# Exercise data:
----------------------------------------

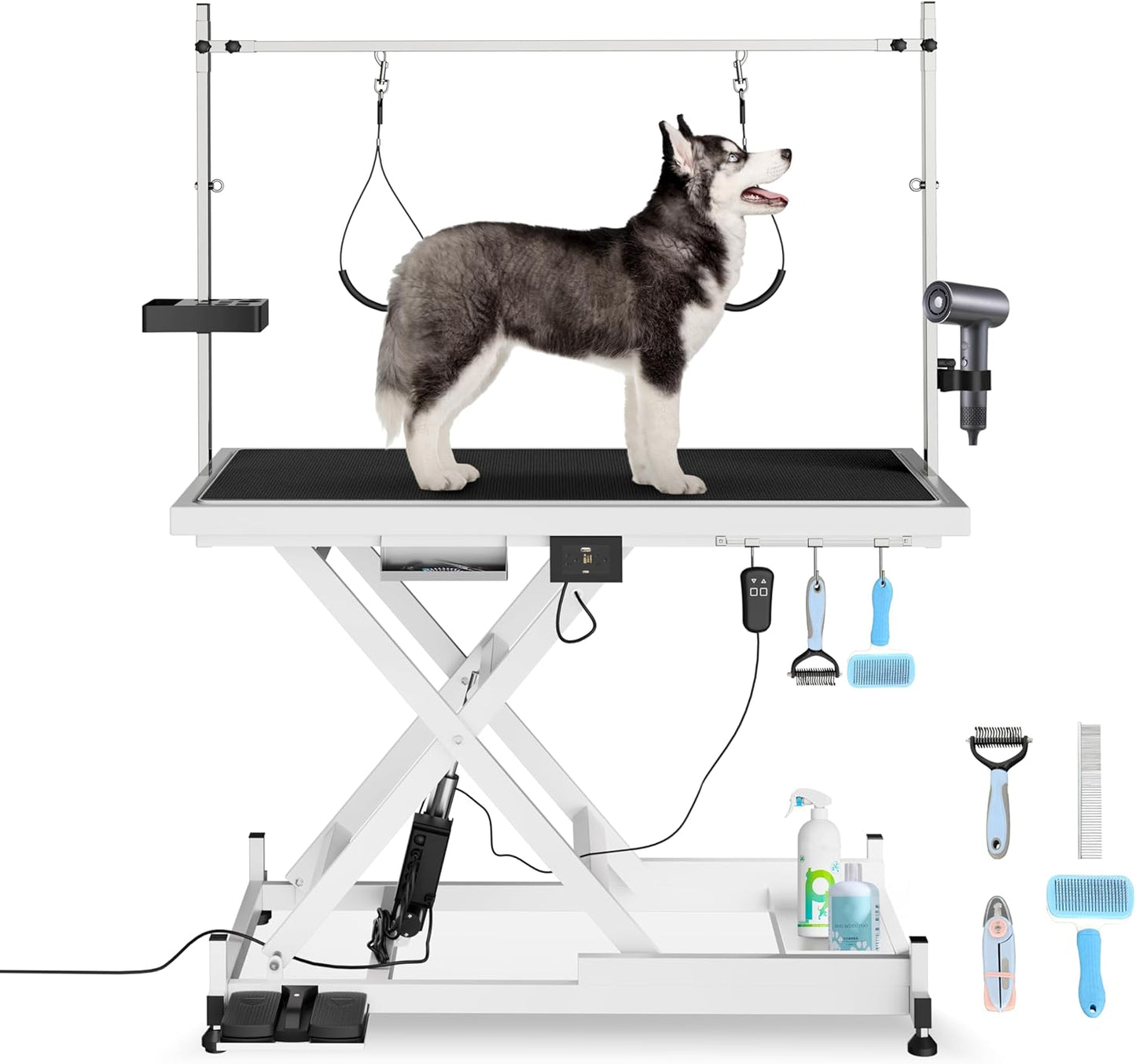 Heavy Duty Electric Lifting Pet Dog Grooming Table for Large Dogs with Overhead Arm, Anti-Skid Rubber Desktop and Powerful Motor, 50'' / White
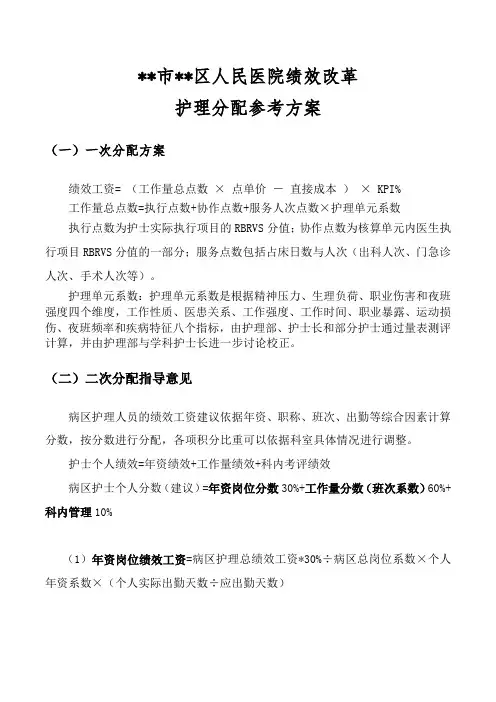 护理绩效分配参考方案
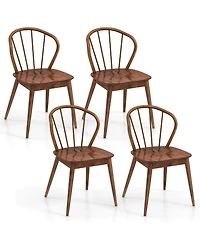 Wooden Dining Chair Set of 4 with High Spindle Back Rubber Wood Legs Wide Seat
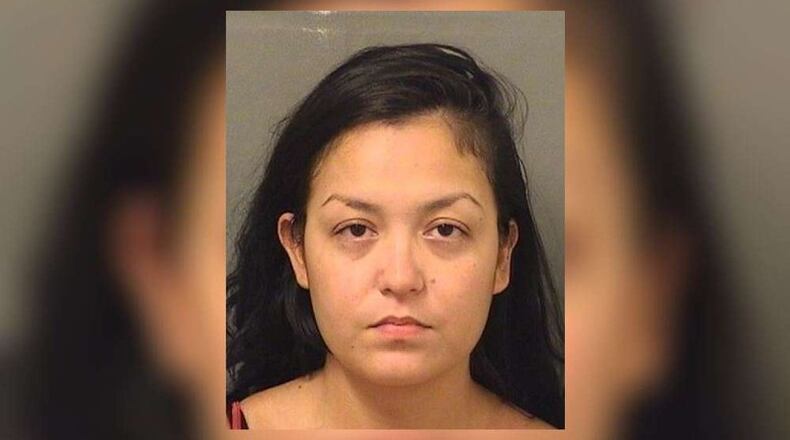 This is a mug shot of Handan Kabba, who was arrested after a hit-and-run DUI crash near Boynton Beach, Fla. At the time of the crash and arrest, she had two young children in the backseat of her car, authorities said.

----------------------------------------

# Assignment:
The expected answer is the lines from the one that has "Wooden Dining Chair" to the end of the listing, transcribed exactly, with pictures left out and no other line added.

# Task output:
 Wooden Dining Chair Set of 4 with High Spindle Back Rubber Wood Legs Wide Seat
 This is a mug shot of Handan Kabba, who was arrested after a hit-and-run DUI crash near Boynton Beach, Fla. At the time of the crash and arrest, she had two young children in the backseat of her car, authorities said.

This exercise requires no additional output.